How is autoimmune neuropathy diagnosed?
The workup typically includes a nerve conduction study and EMG to characterize the type of damage, blood tests for specific antibodies (anti-ganglioside, anti-MAG, anti-neurofascin, anti-contactin, anti-CASPR1, ANA, Sjögren's antibodies, celiac panel, and others), inflammatory markers, and sometimes a lumbar puncture to look at spinal fluid protein levels. A nerve biopsy is occasionally needed when other tests are inconclusive. A neuromuscular subspecialist is best equipped to order and interpret the right combination.
What's the difference between Guillain-Barré syndrome and CIDP?
Both are immune attacks on the myelin of peripheral nerves, but Guillain-Barré is acute — symptoms develop over days to a few weeks, often after an infection — and is essentially a one-time event. CIDP is chronic — symptoms develop over at least eight weeks and continue or relapse. GBS treatment is short-term (one course of IVIG or plasma exchange). CIDP treatment is ongoing, often for years, with regular IVIG, corticosteroids, or other immunomodulating drugs.
Can autoimmune neuropathy be cured?
“Cure” is a strong word, but Guillain-Barré often resolves with treatment and most patients recover well, though some have lingering deficits. CIDP and the other chronic autoimmune neuropathies aren't cured but can often be put into remission or well-controlled with appropriate treatment. The goal is to interrupt the immune attack and protect the nerves before permanent damage accumulates. Earlier diagnosis and treatment generally lead to better outcomes.
Is “idiopathic” neuropathy actually autoimmune?

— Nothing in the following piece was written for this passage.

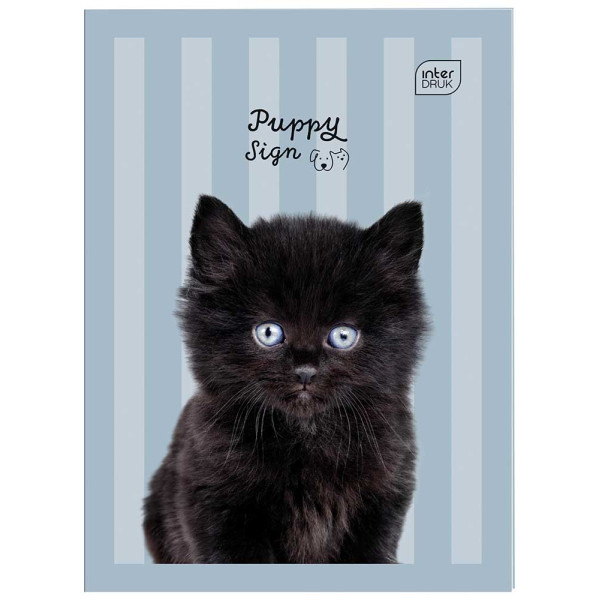 Sveska na kvadratiće A6 PUPPY 32 lista (Više vrsta)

Sometimes. “Idiopathic” means the standard workup didn't find a cause. A meaningful percentage of these cases turn out to have an autoimmune basis that was missed because the relevant antibody tests weren't ordered. If you have idiopathic neuropathy with any features of immune involvement — relatively rapid onset, asymmetric symptoms, weakness in addition to sensory changes, family history of autoimmune disease, or other autoimmune symptoms — it's reasonable to ask for a more thorough autoimmune workup.
What conditions cause autoimmune neuropathy as a secondary feature?

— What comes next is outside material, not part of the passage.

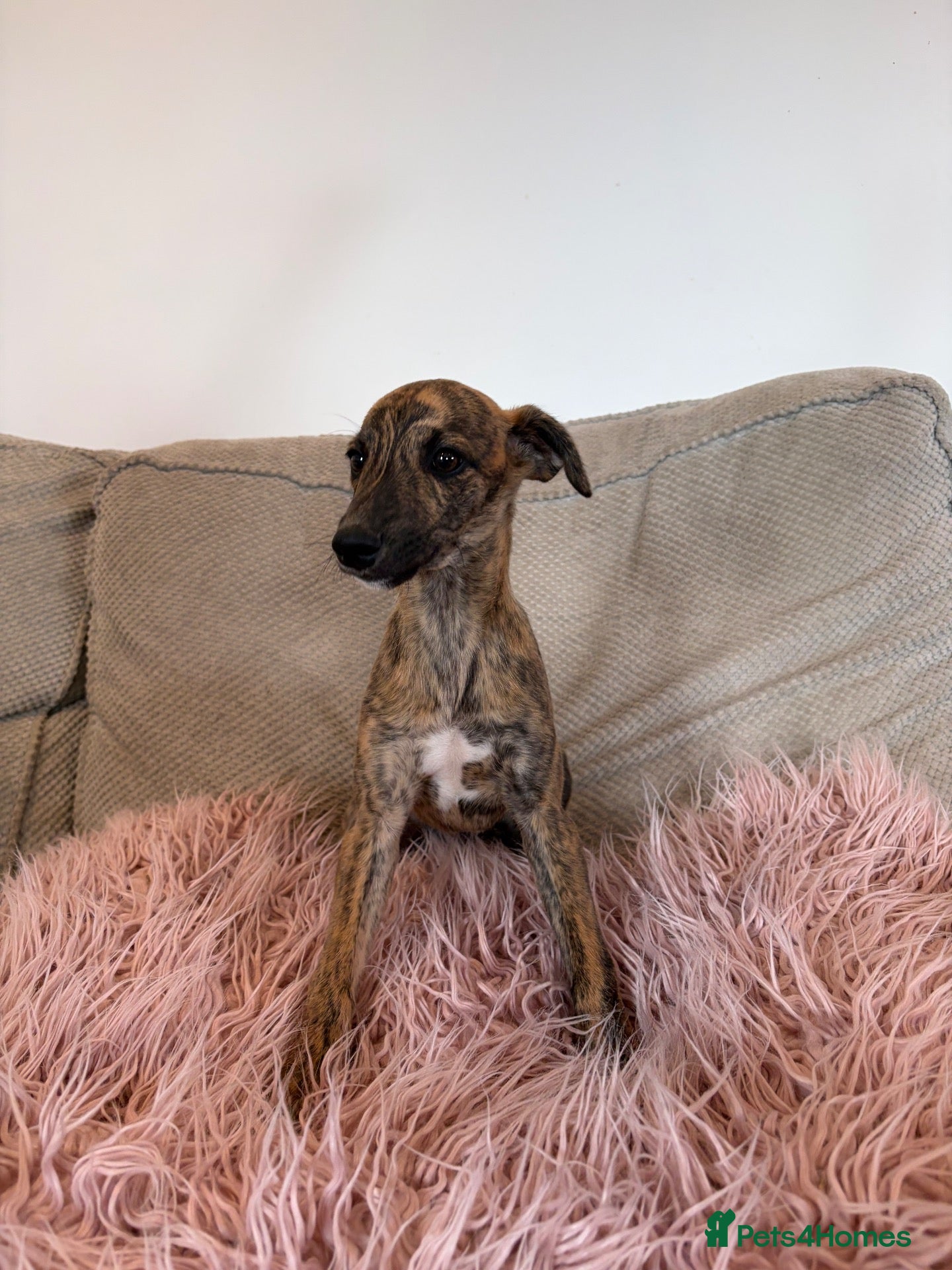 Whippet dogs Beautiful whippets- Last boy remaining  - Advert 2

Many. Sjögren's syndrome, lupus, rheumatoid arthritis, celiac disease, inflammatory bowel disease, sarcoidosis, type 1 diabetes, and several vasculitis syndromes can all cause peripheral neuropathy as part of their broader autoimmune picture. If you have one of these conditions and develop new nerve symptoms, treating the underlying disease often improves the neuropathy.
Should I get genetic testing if I have autoimmune neuropathy?

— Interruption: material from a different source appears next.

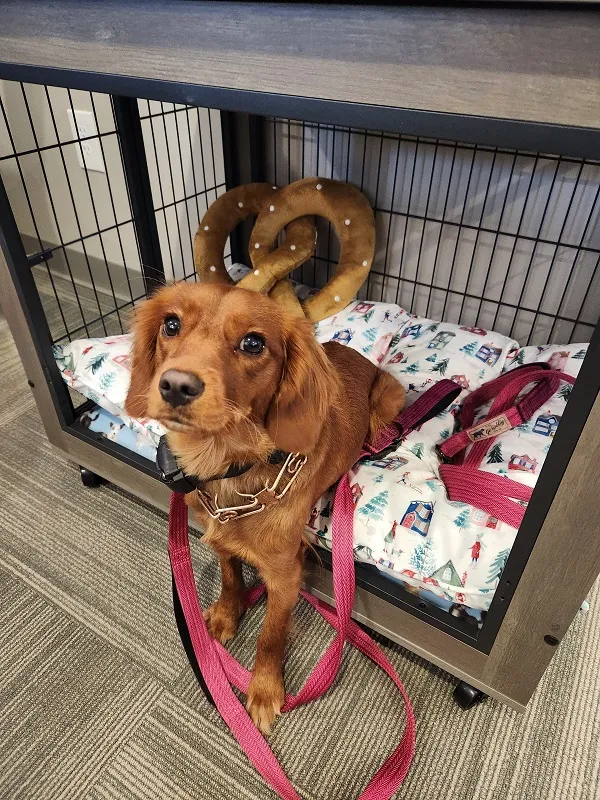 Pretzel in crate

Genetic testing isn't routine for autoimmune neuropathy, but it's sometimes done to rule out hereditary conditions like Charcot-Marie-Tooth that can mimic acquired neuropathy. Some research is ongoing into genes that increase autoimmune susceptibility, but actionable genetic testing for autoimmune neuropathy specifically is not yet standard. If you have a strong family history of autoimmune disease, mention it to your neurologist.